What the task requires — Your copy should repeat the data that follows exactly and contain no image.

Information supplied —

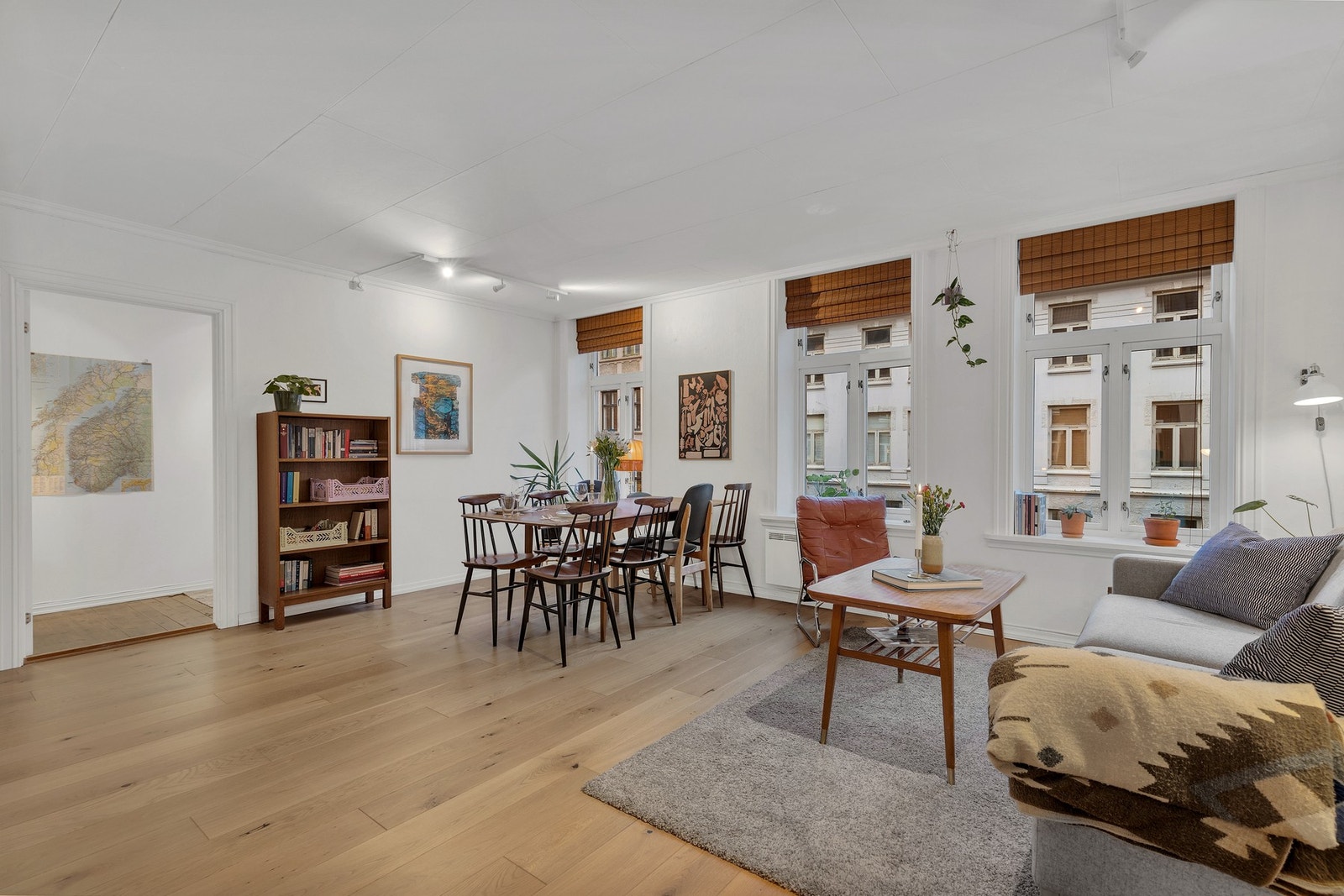 Stuen er på 22,8 m² og har god plass til etablering av spise- og sittegrupper i sine naturlige definerte soner. Galleribilde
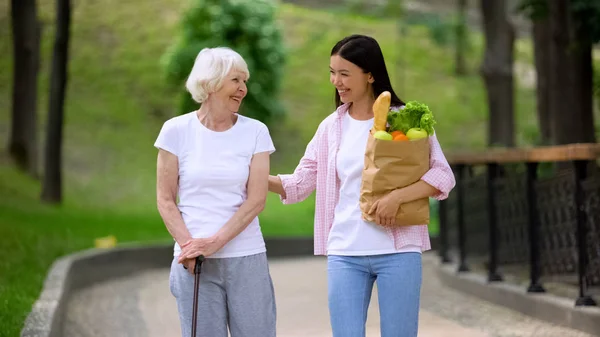 Kleindochter Brengen Van Voedsel Naar Oudere Vrouwelijke Patiënt Wandelen Hospital — Stockfoto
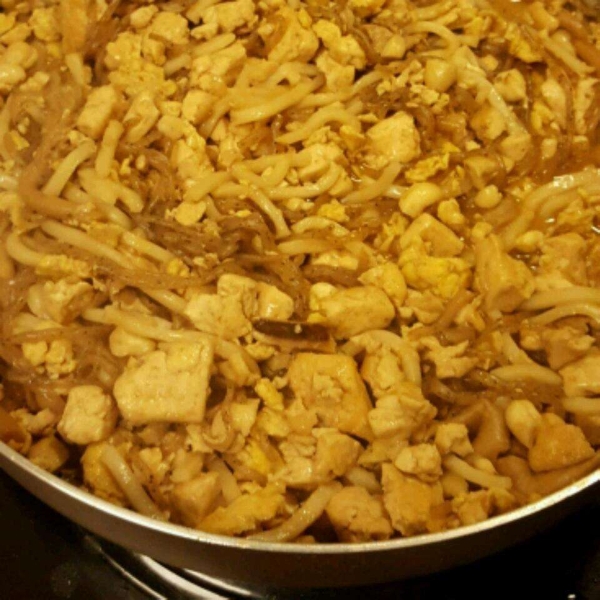 Shirataki Meatless Meat Pad Thai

Response to this exercise —
 Stuen er på 22,8 m² og har god plass til etablering av spise- og sittegrupper i sine naturlige definerte soner. Galleribilde
 Kleindochter Brengen Van Voedsel Naar Oudere Vrouwelijke Patiënt Wandelen Hospital — Stockfoto
 Shirataki Meatless Meat Pad Thai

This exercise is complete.